Dataplot Vol 1 Vol 2

# CALIBRATION

Name:
CALIBRATION
Type:
Analysis Command
Purpose:
Compute a linear or quadratic calibration using multiple methods.
Description:
The goal of calibration is to quantitatively convert measurements made on one of two measurement scales to the other measurement scale. There is also a model that describes the relationship between the two measurement scales.

The primary measurement scale is usually the scientifically relevant scale and measurements on this scale are typically more precise (relatively) than measurements on the secondary scale. However, the secondary scale is typically the easier measurement to obtain (i.e., it is typically cheaper or faster or more readily available).

So given a measurement on the secondary scale, we want to convert that to an estimate of the measurement on the primary scale. The steps involved are:

1. We start with a series of points that have been measured on both scales. The secondary measurement is treated as the response variable, Y, and the primary measurement is treated as the independent variable, X.

2. We perform a fit of Y and X. Currently, Dataplot supports calibration for the case where Y and X can be fit with either a linear fit

Y = A0 + A1*X

Y = A0 + Y = A0 + A2X2

This is typically referred to as the calibration curve.

Although these are the most common calibration models in practice, other calibration models are also used. For example, the fit could be multi-linear (i.e., more than one X variable), a higher order polynomial, or non-linear. These cases are not supported directly. However, you can use a bootstrap approach for many of these problems.

3. We then have one or more points measured on the secondary scale with no corresponding measurement on the primary scale.

We use the calibration curve to estimate the value of the measurement on the primary scale. In addition, we estimate a confidence interval for the estimated value on the primary scale.

The calibration problem has recieved significant attention and a number of different methods have been proposed for the calibration estimates.

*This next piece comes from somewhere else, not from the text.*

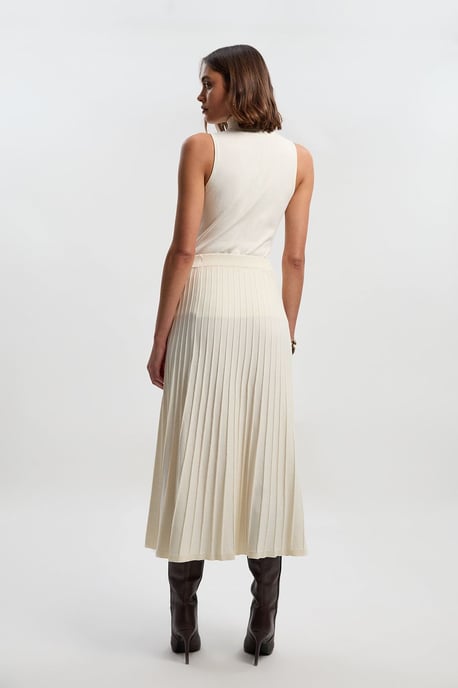 High Waisted Textured Knit Full Maxi Skirt - Image 5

Most of these methods return the same value for the point estimate. However, the method for obtaining the confidence interval is typically different. We describe the "classical" method in some detail. For the other methods, we give references to the literature.

Given that in the calibration problem the primary measurement (the higher quality measurement) is assigned to the independent variable(s) (x axis) and the secondary measurement is assigned to the dependent (y axis) variable, a reasonable question is why don't we simply switch the axes and assign the secondary measurement to the independent variable? The reason is that least squares fitting assumes that the values for the indpendent variable are fixed (i.e., there is no error). In order to satisfy this assumption, we need to assign the higher quality measurement to the independent variable.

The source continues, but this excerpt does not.